Они разглагольствовали о "счастливом дне" - слова эти жгли меня, как
раскаленные уголья! Осталось лишь уговорить мать и дядю, они, конечно,
согласятся. И парочка размечталась о будущем - влюбленные строили его из
солнечного света, радуг и веселья; они так упивались своими золотыми
мечтами, что вовсе захмелели от счастья: слова уже не могли выразить
предвкушение блаженства и замирали на губах, уступая место истинно богатому
языку любви, молчаливому общению душ - вздымающаяся грудь, глубокий вздох,
долгое объятие, голова на плече у возлюбленного, затуманенные негой глаза,
нескончаемый поцелуй...
И тогда я утратил всякое самообладание! Проплыв по воздуху, я окутал
их, будто невидимое облако! В мгновение ока Маргет превратилась в Лисбет:
она вскочила, воспламененная божественной страстью ко мне; я отступал все
дальше и дальше, и она послушно следовала за мной; но вот я остановился, и
она, задыхаясь, упала ко мне в объятия, прошептав:
- О, мой единственный, кумир мой, как тягостно тянулось время ожидания,
умоляю, не оставляй меня одну!
Двойник поднялся очень удивленный, вытаращился на Маргет с дурацким
видом, задвигал беззвучно губами, тщетно пытаясь что-то сказать. Вдруг его
осенило, и он направился к девушке со словами:
- Опять сонохождение - однако как это быстро на нее находит!.. И как
она удерживается в такой наклонной позе и не падает?

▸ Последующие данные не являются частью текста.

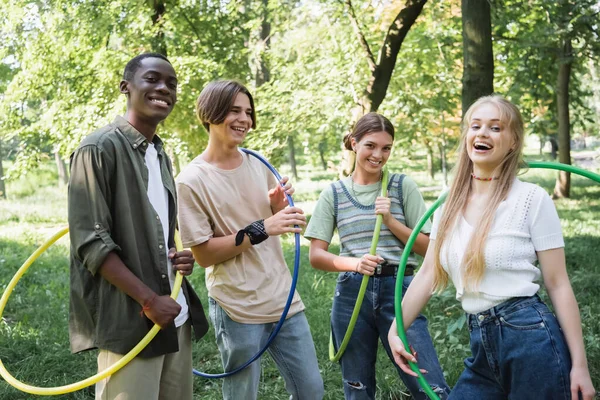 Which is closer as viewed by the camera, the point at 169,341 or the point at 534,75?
the point at 169,341

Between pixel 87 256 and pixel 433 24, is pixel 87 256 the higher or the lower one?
the lower one

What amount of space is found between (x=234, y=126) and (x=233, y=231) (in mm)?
557

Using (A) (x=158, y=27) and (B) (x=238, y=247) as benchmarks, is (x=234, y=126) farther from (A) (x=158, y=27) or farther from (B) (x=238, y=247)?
(A) (x=158, y=27)

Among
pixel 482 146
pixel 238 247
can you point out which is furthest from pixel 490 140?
pixel 238 247

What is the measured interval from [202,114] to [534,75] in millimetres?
11541

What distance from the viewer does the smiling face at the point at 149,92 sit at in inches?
114

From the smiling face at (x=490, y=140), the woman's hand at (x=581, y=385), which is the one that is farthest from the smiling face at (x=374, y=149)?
the woman's hand at (x=581, y=385)

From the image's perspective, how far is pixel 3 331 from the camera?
20.6ft

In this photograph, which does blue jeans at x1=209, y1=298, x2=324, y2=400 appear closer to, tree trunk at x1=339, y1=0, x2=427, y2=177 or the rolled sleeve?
the rolled sleeve

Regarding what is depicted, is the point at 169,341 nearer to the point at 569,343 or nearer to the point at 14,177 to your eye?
the point at 569,343

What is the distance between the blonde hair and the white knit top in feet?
0.11

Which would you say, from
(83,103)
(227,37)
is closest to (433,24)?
(227,37)

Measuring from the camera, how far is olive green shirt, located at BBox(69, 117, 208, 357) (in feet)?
8.42

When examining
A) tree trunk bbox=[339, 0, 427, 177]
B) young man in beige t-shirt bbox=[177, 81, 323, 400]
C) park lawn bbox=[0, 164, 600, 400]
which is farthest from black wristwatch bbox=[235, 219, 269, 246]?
tree trunk bbox=[339, 0, 427, 177] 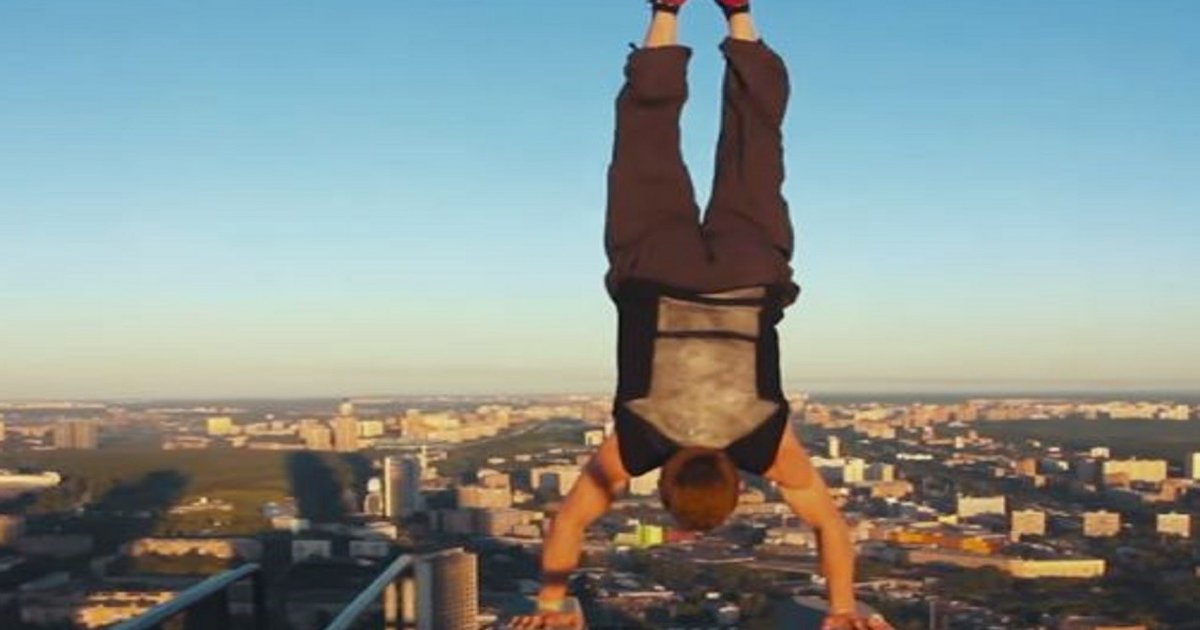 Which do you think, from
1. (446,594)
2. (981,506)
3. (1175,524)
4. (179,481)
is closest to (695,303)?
(446,594)

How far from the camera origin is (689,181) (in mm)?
2465

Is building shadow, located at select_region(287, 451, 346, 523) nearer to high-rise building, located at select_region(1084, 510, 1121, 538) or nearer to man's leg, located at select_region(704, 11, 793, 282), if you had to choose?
high-rise building, located at select_region(1084, 510, 1121, 538)

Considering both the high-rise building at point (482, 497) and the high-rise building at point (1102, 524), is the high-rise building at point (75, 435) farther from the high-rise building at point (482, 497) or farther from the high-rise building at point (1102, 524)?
the high-rise building at point (1102, 524)

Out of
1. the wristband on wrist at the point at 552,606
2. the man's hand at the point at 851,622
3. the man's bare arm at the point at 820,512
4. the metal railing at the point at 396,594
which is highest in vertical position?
the man's bare arm at the point at 820,512

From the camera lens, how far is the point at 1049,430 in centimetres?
2312

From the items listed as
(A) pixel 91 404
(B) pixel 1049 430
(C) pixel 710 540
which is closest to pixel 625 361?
(C) pixel 710 540

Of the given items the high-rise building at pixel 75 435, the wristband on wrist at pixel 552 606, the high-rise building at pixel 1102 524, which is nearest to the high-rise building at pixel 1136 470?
the high-rise building at pixel 1102 524

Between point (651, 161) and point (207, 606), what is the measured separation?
1581mm

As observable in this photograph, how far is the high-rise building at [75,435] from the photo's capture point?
59.6ft

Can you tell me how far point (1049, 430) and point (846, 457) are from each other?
1174cm

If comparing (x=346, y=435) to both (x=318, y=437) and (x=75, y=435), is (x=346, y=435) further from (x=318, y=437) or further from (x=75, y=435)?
(x=75, y=435)

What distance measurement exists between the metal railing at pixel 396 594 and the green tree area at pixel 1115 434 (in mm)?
15104

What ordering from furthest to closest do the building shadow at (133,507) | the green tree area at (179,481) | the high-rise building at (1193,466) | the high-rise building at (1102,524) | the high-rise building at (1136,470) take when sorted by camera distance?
1. the high-rise building at (1193,466)
2. the high-rise building at (1136,470)
3. the green tree area at (179,481)
4. the building shadow at (133,507)
5. the high-rise building at (1102,524)

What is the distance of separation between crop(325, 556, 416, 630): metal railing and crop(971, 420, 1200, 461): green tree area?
15104 mm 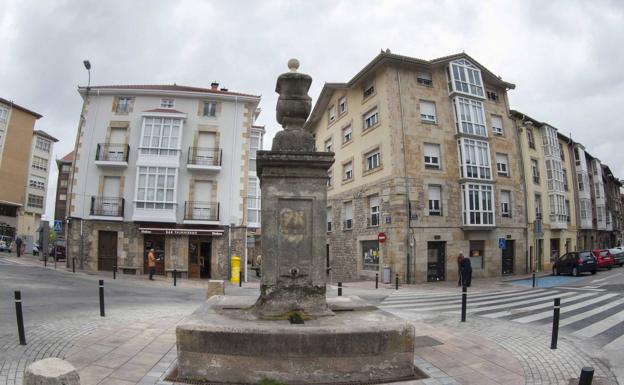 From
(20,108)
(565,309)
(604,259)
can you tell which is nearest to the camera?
(565,309)

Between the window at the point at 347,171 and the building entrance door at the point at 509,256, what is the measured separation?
34.7ft

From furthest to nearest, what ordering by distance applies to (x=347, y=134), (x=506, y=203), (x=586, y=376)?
(x=347, y=134)
(x=506, y=203)
(x=586, y=376)

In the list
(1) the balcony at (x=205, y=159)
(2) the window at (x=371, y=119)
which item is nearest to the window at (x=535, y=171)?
(2) the window at (x=371, y=119)

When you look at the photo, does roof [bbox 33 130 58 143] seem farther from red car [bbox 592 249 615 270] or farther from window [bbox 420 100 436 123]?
red car [bbox 592 249 615 270]

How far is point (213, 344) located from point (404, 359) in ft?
6.79

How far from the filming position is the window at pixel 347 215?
25.1 m

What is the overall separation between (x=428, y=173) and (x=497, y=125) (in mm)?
7734

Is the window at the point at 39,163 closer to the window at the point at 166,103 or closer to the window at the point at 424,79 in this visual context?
the window at the point at 166,103

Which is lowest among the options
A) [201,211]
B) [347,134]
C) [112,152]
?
[201,211]

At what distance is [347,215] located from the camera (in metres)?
25.6

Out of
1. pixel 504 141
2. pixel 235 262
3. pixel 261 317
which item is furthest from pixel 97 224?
pixel 504 141

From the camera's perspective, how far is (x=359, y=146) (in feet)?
79.9

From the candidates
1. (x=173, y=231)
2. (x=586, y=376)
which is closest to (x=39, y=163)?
(x=173, y=231)

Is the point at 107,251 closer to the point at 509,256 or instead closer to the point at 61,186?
the point at 509,256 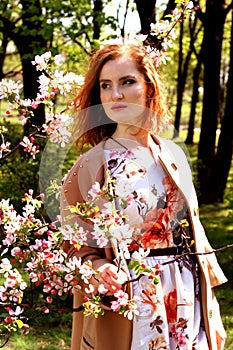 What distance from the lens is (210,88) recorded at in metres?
11.8

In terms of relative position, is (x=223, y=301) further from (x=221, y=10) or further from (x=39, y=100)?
(x=221, y=10)

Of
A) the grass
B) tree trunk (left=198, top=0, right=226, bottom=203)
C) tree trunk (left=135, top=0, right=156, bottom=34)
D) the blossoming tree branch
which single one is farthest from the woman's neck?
tree trunk (left=198, top=0, right=226, bottom=203)

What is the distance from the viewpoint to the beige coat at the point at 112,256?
9.23 feet

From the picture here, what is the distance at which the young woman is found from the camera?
9.22 ft

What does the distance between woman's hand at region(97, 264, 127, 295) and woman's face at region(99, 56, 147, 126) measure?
0.69 m

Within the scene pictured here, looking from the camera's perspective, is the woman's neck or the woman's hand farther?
the woman's neck

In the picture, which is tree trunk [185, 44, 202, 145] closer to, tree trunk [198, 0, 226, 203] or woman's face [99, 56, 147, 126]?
tree trunk [198, 0, 226, 203]

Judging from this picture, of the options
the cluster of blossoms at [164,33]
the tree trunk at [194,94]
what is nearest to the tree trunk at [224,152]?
the tree trunk at [194,94]

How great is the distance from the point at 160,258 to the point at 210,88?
928 centimetres

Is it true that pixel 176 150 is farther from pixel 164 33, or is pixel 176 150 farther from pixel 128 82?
pixel 164 33

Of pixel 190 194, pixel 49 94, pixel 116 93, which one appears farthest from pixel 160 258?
pixel 49 94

Двойник подошел к нам, продел сквозь меня руки и обнял Маргет.
- Проснись, дорогая, - заклинал он ее с нежностью, - стряхни с себя
сон, невыносимо видеть тебя такой.
Лисбет высвободилась из его рук и бросила на него взгляд, полный
удивления и оскорбленного достоинства, сопроводив его возмущенным:
- Вы забываетесь, господин Шварц!
С минуту змей не верил своим ушам, потом опомнился и сказал:
- О, приди в себя, дорогая, мне мучительно видеть тебя в таком
состоянии. А не можешь проснуться, поди приляг на диван, усни настоящим
сном; а я буду твоим любящим стражем, моя дорогая, и уберегу тебя от чужих
глаз. Пойдем, Маргет, прошу тебя!
- Маргет? - глаза Лисбет вспыхнули от гнева. - Какая Маргет, скажите на
милость? За кого вы меня принимаете? И почему позволяете себе такую
фамильярность? - Лисбет немного смягчилась, заметив его жалкую растерянность
и горестное недоумение, и добавила: - Я всегда проявляла к вам учтивость,
господин Шварц, и это очень недобро с вашей стороны - оскорблять меня столь
бессмысленным образом.
Несчастный, страшно сконфузившись, не знал, что ответить, и выпалил:
- О, мое бедное дитя, стряхни сон, приди в себя, моя милая, давай снова
погрузимся всей душой в мечты о счастливом дне нашей свадьбы...
Это было уже слишком. Она возмущенно прервала его фразу, даже не
выслушав, что он хотел сказать.
- Убирайтесь прочь! - приказала Лисбет. - У вас помутился разум, вы
пьяны. Убирайтесь немедленно! Вы мне отвратительны!
Двойник со смиренным видом направился к двери и, вытирая глаза платком,
пробормотал:
- Несчастное дитя! У меня сердце разрывается, как погляжу на нее.
Милая Лисбет, она была еще девчонкой - то солнце, то дождь, то
решительность и отвага, то слезы. Вот и сейчас она прижалась к моей груди и,
всхлипывая, умоляла:
- Люби меня, мой дорогой, дай мир моей душе, залечи мои раны, помоги
забыть, как оскорбил меня этот странный человек!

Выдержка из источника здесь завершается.